This is part of a series breaking down some of the pieces behind YouAi—exploring why they need to exist and why we are building them in the way we are. For more, subscribe here and sign up for the waitlist at youai.ai.
This post builds on the foundations laid out in the YouAi whitepaper.
YouAi is building a mind indexer—a tool to digitize your mind.
In this post, I’d like to briefly explore what that actually means, how it works, and why digitizing your mind is an imperative step in interfacing with the next generation of information technology. It sounds crazy, but at the end of the day, it’s quite simple and intuitive.
Let's clear one thing up early: we are not talking about implants or hardware. The mind indexer is completely software based.
To index your mind, YouAi presents you with a never-ending feed of prompts—bite-sized interactive experiences designed to capture various aspects of your inner landscape. It feels a bit like a mix of TikTok and Buzzfeed quizzes.
As you engage with each prompt—or skip any that you do not wish to engage with—YouAi learns a tiny bit more about you. The more prompts you engage with, the more you render the digital map of your mind.
You should think of each prompt like a pixel in an image. No single prompt means anything on its own—just like no one pixel in an image means anything in its isolation. But when you have a lot of pixels, the image becomes clear. The higher the density of pixels, the higher the resolution of the image; the more you can zoom in and still make things out.
This is a helpful analogy to keep in mind as we talk about what the mind indexer is not. For example, the mind indexer is not a personality test. It’s not like Myers–Briggs or Enneagrams. It’s not trying to ask you questions and use your answers to those questions to compute some kind of result.
In fact, you really shouldn’t think of prompts as being questions and answers at all. Prompts are, simply, stimuli that generate responses from humans.
Some of them might take the form of questions and answers, because these are entertaining and can be useful (“Describe a core childhood memory”, “Would you rather eat pizza or sushi?”, etc.), but to spend time examining the natural-language interpretations of those prompts is a pointless exercise because it misses the bigger value of the exercise.
The goal of the mind indexer is not to learn things about you in any form that humans can comprehend. The goal of the mind indexer is to generate massive amounts of data; to generate as many pixels as possible on the digital map of your mind by tokenizing your responses to various stimuli.

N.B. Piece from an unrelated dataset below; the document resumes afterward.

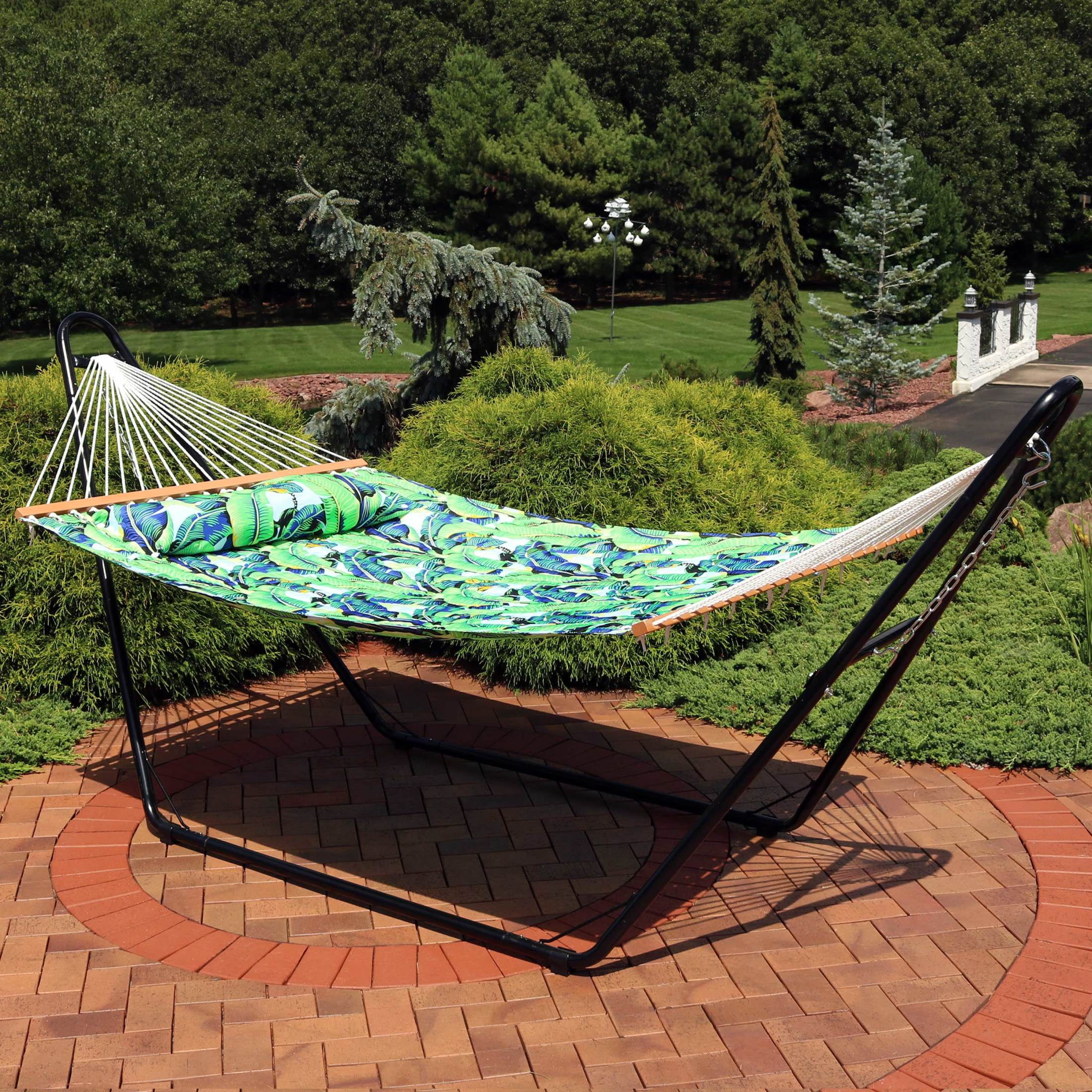 Sunnydaze 2-Person Quilted Polyester Spreader Bar Hammock, 450 lb - Exotic Foliage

One of the places we’ve already seen a form of this in the wild is the TikTok feed. TikTok, too, is indexing your mind—but only on a very narrow dimension by digitizing your preferences for video content. In the same way as ChatGPT uses tokenized word fragments to predict the next word in a sentence, the TikTok algorithm uses its dataset to predict the next video in your feed.

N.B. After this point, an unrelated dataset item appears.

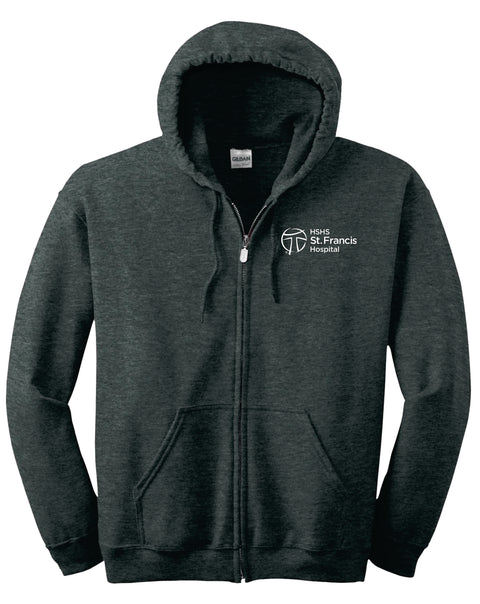 Buy dk-hthr-grey HSHS- Gildan Heavy Blend Full Zip Hooded Sweatshirt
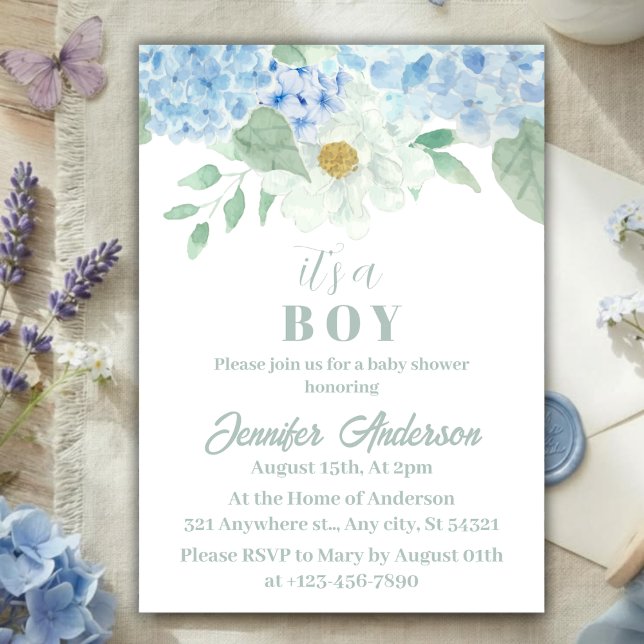 Invitación Moda Azul Hydrangea Es un chico Baby Shower (Subido por el creador)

We are doing this on a massive scale. The goal of this is that over time, given a prompt, YouAi will be able to predict your response without asking you.
Once the YouAi model has enough data that it is aligned with your mental state (which is constantly changing and evolving—so it’s not simply a one-time thing), it can begin to act autonomously—to engage with the digital world in the same way you would, only radically faster, smarter, and more effectively.
In the next post in this series, we’ll explore how we can look at this data as a graph—extracting features and clusters by playing with dimensionality—in order to help you understand yourself and others in radically new ways. This data will be able to help you find your soulmate, your community, your nemeses. You will understand your mind in ways never before possible. We are building the most powerful mirror to ever exist. Subscribe for more!
I think you need to think through your goals.
Why would I want my personal AI to automatically answer my prompts.
I don't get how that is important, fun or even the slightest bit useful in having your Bot answer your own questions (prompts.) Building your own personal knowledge is great, but maybe you're just being cagey (or in stealth.)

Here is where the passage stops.